Skeptics claim that these digital avatars won’t feel anything, won’t be conscious. All you’ll get is a public spectacle of words and motion but nothing on the inside. Of course, religious folks believe that an immaterial and immortal soul is needed. Various carbon chauvinists insist that consciousness needs biology and can’t be replicated in silicon. Advocates of something called integrated information theory claim that consciousness isn’t computable in the cloud. That digital computers can do everything we can do but won’t be what we are – sentient. Whatever! I don’t buy it. Philosophers never agree on anything anyhow! I trust the engineers. Just talk to the uploaded about their feelings. They’ve convinced me.

Now it’s here. A white room, soft music. I’m super-pumped to see what life as an avatar feels like. The technician starts the infusion. My eyelids grow heavy.
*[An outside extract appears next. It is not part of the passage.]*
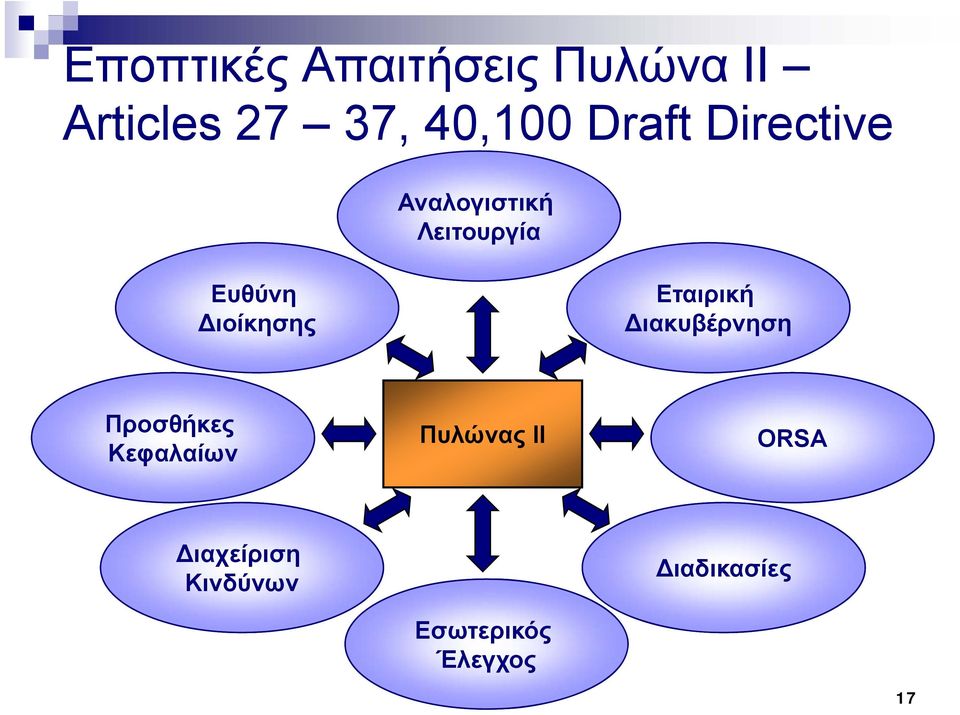 ιοίκησης Εταιρική ιακυβέρνηση Προσθήκες Κεφαλαίων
Talk to you on the other side.

. . .

Postscript

Laura is enthusiastic about Harry’s avatar: “Trust me, I’ve lived with him for a lifetime. This is the real McCoy, the genuine article.” She plans to join Harry soon.

And so, humanity uploaded, one by one, preserving all the action but none of the feelings.

Epilogue

According to the Integrated Information Theory (IIT) of consciousness, even an anatomically and physiologically accurate computer simulation of a human brain running on conventional digital computer would never feel anything. It would act and speak like a person, but without any experiences. This can be rigorously proven, using the axioms and postulates of IIT,  as the cause-effect powers of a brain, which is essentially what conscious experience is, are not replicated by digital von Neumann machines along the lines built today. Thus, uploading it is a road to literally nowhere. For the proof and discussion, see “Dissociating Artificial Intelligence from Artificial Consciousness;” for an overview, see chapter 13 in The Feeling of Life Itself: Why Consciousness is Widespread but Can’t Be Computed.